Hamlet City Manager Jonathan Blanton published an open letter to the citizens of Hamlet and the surrounding communities yesterday on the city’s Facebook page, defending the city’s decision to cancel July 4 festivities. Below is the complete transcript of that letter:
As the City Manager of Hamlet, I want to directly speak to the concerns that have been expressed on social media, to our law enforcement officers, to our City Council, and to me directly over the last twenty-four hours in regards to the cancellation of the City’s Fourth of July activities.
As you all know, last week an apparent gang-related shooting occurred at the Circle B convenient store here in Hamlet that resulted in the tragic death of Tierrell Martin. Since that time, local law enforcement agencies received four reports, all similar in nature, that advised the City that serious acts of violence, specifically random shootings, were being planned at the City’s Fourth of July festivities. On Monday morning, I met with the Hamlet Police Department to evaluate the reported threats and to assess the credibility of the reports.

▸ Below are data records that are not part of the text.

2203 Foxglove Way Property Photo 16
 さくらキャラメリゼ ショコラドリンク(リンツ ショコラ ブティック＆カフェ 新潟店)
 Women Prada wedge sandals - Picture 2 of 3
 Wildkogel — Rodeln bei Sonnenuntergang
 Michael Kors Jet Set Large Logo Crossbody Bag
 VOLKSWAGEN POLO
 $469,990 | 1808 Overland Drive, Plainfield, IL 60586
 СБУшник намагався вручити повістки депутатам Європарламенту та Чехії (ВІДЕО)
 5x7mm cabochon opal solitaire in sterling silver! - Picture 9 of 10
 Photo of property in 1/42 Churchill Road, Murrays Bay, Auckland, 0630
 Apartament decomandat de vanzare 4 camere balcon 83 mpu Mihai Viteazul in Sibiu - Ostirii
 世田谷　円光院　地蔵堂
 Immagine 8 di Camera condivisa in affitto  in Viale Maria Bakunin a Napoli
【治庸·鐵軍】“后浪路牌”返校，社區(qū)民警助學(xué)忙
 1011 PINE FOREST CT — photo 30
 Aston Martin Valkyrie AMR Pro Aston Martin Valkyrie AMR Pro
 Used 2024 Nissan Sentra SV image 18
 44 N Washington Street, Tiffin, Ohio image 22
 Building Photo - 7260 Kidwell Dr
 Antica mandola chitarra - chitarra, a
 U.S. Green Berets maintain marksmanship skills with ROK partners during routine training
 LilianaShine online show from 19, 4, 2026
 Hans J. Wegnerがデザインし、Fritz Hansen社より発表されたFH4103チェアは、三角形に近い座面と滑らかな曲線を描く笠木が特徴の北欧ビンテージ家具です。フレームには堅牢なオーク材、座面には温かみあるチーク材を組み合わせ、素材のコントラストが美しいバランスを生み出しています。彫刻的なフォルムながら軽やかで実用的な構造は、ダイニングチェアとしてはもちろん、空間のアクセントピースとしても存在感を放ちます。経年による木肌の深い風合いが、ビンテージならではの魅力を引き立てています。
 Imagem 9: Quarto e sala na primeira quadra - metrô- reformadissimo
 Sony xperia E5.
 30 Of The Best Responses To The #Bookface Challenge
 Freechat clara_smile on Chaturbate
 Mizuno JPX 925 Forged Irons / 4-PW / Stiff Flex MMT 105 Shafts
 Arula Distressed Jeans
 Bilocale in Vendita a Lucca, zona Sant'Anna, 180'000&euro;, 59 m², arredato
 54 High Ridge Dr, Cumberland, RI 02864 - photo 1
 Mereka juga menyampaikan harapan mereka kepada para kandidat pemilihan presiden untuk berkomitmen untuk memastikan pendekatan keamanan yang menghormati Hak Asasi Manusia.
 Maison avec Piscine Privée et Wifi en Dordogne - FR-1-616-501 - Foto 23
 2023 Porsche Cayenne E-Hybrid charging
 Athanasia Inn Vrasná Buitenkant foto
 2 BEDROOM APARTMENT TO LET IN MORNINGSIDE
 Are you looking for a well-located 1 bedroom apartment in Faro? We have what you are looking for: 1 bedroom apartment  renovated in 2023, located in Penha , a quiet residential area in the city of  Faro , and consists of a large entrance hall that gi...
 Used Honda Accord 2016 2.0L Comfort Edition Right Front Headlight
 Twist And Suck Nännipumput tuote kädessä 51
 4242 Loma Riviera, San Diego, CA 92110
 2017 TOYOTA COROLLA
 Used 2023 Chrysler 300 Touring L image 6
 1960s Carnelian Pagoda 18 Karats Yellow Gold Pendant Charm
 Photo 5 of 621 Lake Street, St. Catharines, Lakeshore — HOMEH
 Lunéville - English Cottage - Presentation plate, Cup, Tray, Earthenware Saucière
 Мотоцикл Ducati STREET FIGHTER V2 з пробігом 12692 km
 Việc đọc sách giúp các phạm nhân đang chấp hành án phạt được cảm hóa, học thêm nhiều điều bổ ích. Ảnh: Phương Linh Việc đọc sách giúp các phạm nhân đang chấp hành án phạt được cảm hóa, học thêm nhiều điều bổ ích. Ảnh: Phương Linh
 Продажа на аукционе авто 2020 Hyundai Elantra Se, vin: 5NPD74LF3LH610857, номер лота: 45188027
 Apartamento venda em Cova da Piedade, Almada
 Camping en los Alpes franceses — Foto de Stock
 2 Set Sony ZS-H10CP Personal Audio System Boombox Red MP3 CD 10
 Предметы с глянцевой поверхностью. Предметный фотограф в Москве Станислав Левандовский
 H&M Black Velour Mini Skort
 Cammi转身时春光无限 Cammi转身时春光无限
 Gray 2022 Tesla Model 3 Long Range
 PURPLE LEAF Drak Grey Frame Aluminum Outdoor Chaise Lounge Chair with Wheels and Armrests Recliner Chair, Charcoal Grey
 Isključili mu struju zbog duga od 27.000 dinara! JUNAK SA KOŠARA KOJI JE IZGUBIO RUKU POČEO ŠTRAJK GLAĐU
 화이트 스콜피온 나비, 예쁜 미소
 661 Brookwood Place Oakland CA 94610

After evaluating the weight of the evidence, discussing all possible options, and conferring with city officials, I made the recommendation to cancel the Fourth of July activities.
This decision was not entered into abruptly, haphazardly, or as a result of submitting to fear, but instead as a result of the City’s continued commitment to keeping our citizens and community safe. The City could not, in good conscience, ignore four separate, serious, and credible reports that specifically named the Fourth of July festivities as the location of a planned shooting less than a week after a homicide within a mile and a half of the planned events. As Police Chief Scott Waters said yesterday, given the magnitude of the event, with people spread across multiple locations in the City to view the fireworks display, no amount of police presence would guarantee safety for all those attending. Please be assured that all alternatives were explored, all options were considered, and although this decision was difficult and unpopular, I assure you, it was necessary.
I share in the great disappointment and frustration of all of you. The City has spent a significant amount of time and energy planning the events for the Fourth of July this year and no one is more disappointed in the circumstances than we are. However, please be assured that your concerns, voices, and input have been heard by the City and by me personally. There has been much concern about the vagueness of the City’s Facebook post and press release yesterday, and I apologize for any confusion that may have been caused and I understand your concerns. However, the Facebook post and press release were both published in an attempt to spread the news that the events were cancelled in the quickest and most concise manner possible, and to protect the integrity of on-going investigations into the communicated threats. The City is firmly committed to transparency, honesty, and an open-form of communication with our citizens and community and that is why I am personally writing to all of you today.
Our Mayor, Bill Bayless, said it best yesterday when he said, “It is always best to err on the side of safety even when we know that we should not be intimidated.” Although we cannot live in fear, we certainly cannot risk the lives of thousands of innocent people when we have credible intel beforehand that can be used to prevent the death or injury of a child, parent, family-member, or friend. I apologize for the great inconvenience this may have caused many of you, but I sincerely ask for your cooperation, understanding, and prayers for the City as we strive to protect and serve you, the wonderful people that make Hamlet your home.